Zverev weiter, Struff raus: Die Krise abgeschüttelt

Alexander Zverev steht im Viertelfinale der French Open. Für Jan-Lennard Struff sind die French Open vorbei.

„Please, say cheeese!“, riefen die Fotografen durcheinander, die sich im malerischen Garten des Restaurants „Le-Roland-Garros“ um die beste Position rangelten. Da standen sie alle beisammen, 30 der großen Tennis-Heldinnen von einst und der Legenden dieses Sports und lächelten zum Gruppenfoto in die Kameras. Der mediale Andrang war enorm. Der mediale Andrang war am Sonntag enorm, die großen Namen sind gefragter denn je. Ob die ewig junge Martina Navratilova oder die spanischen Publikumslieblinge Arantxa Sanchez und Sergi Bruguera, der sehr wohlgenährte Jewgeni Kafelnikow oder der immer noch etwas verrückte, aber leicht ergraute Goran Ivanisevic - sie alle sind mit der Tennis-Historie und der Geschichte der French Open eng verbunden. Und den Ehrgeiz, selbst bei einem Einladungsturnier wie diesem, hat keiner von ihnen verloren.

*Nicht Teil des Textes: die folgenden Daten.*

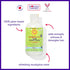 California Baby Conditioner - Eucalyptus Ease - 8.5 oz by California Baby...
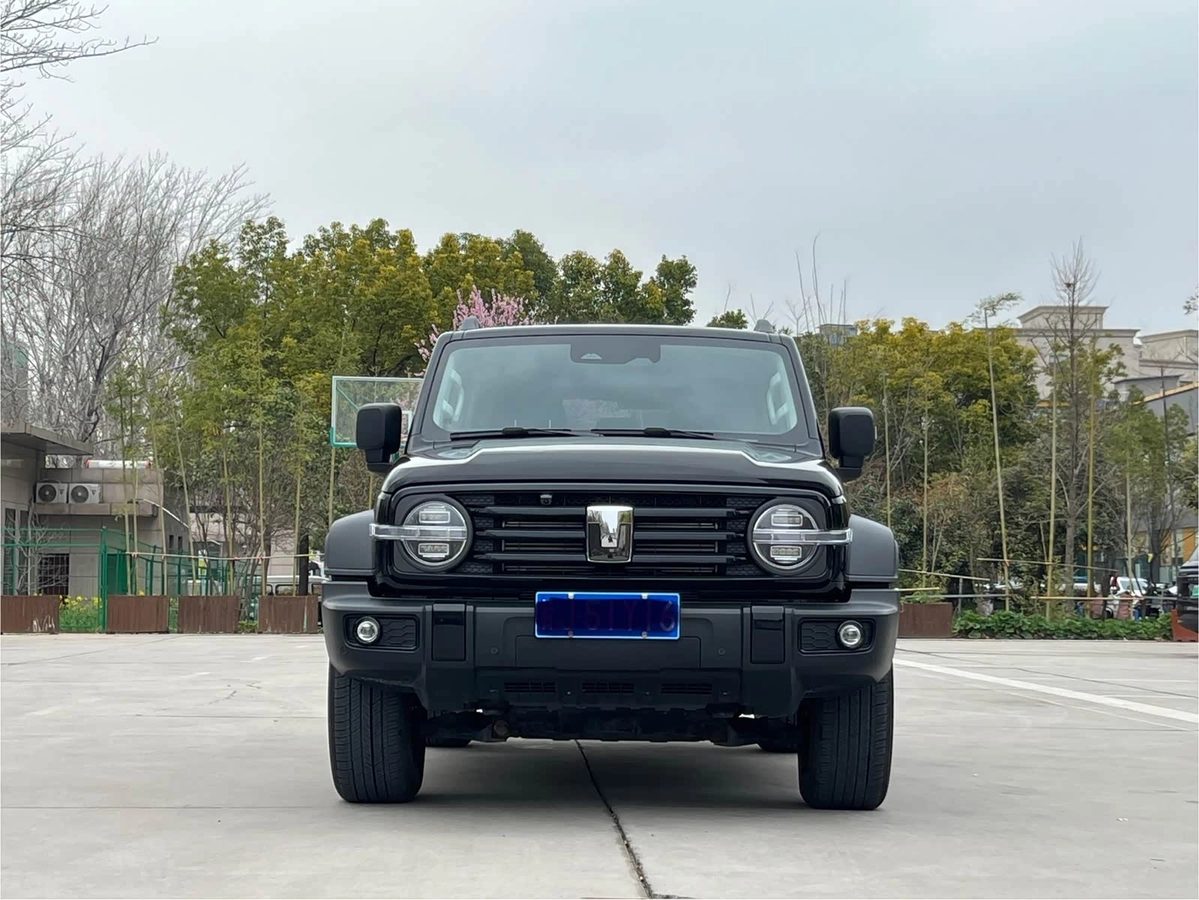Tank 300 2024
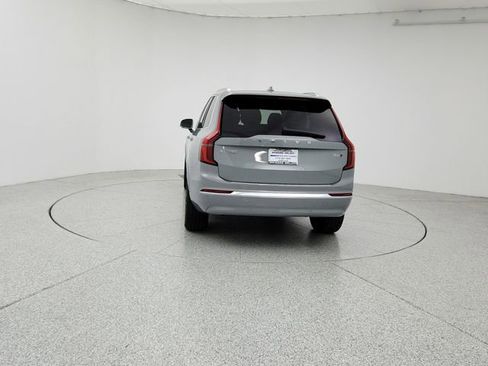 New 2026 Volvo XC90 B6 Plus w/ Protection Package Premier image 6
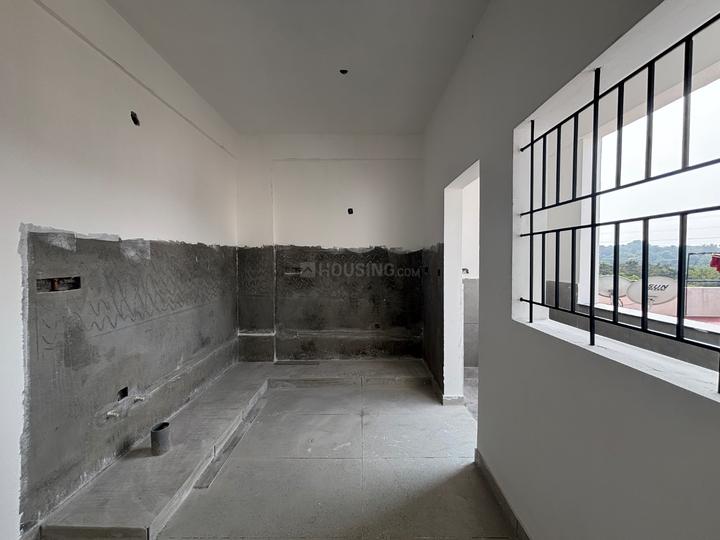 Manjunath sir Kitchen 1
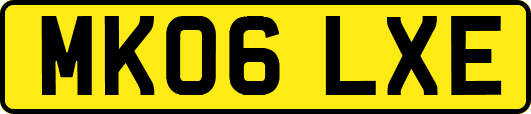 MK06LXE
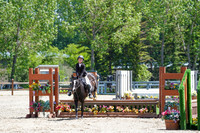 11457 - Jackie - 2026 June Classic I - Sunday June 14th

Tommy Haas hat zwar keine der größten Trophäen gewonnen, ist aber zum ersten Mal mit dabei. Inmitten der Legenden, mit denen der inzwischen 41-Jährige aufgewachsen ist. Dass er es 2013 doch noch ins Viertelfinale von Paris geschafft hatte, versöhnte Haas am Ende mit der oft so unversöhnlichen roten Asche von Roland Garros. Keine 100 Meter Luftlinie entfernt kämpfte zu gleicher Zeit Alexander Zverev auf dem Court Suzanne Lenglen um seinen eigenen Platz in den Turnier-Annalen. Vor einem Jahr war er Haas bereits in Paris gefolgt und in sein erstes Viertelfinale bei einem Grand Slam eingezogen - und Zverev gelang es am Montag erneut, mit einem 3:6, 6:2, 6:2 und 7:6-Sieg über den Italiener Fabio Fognini.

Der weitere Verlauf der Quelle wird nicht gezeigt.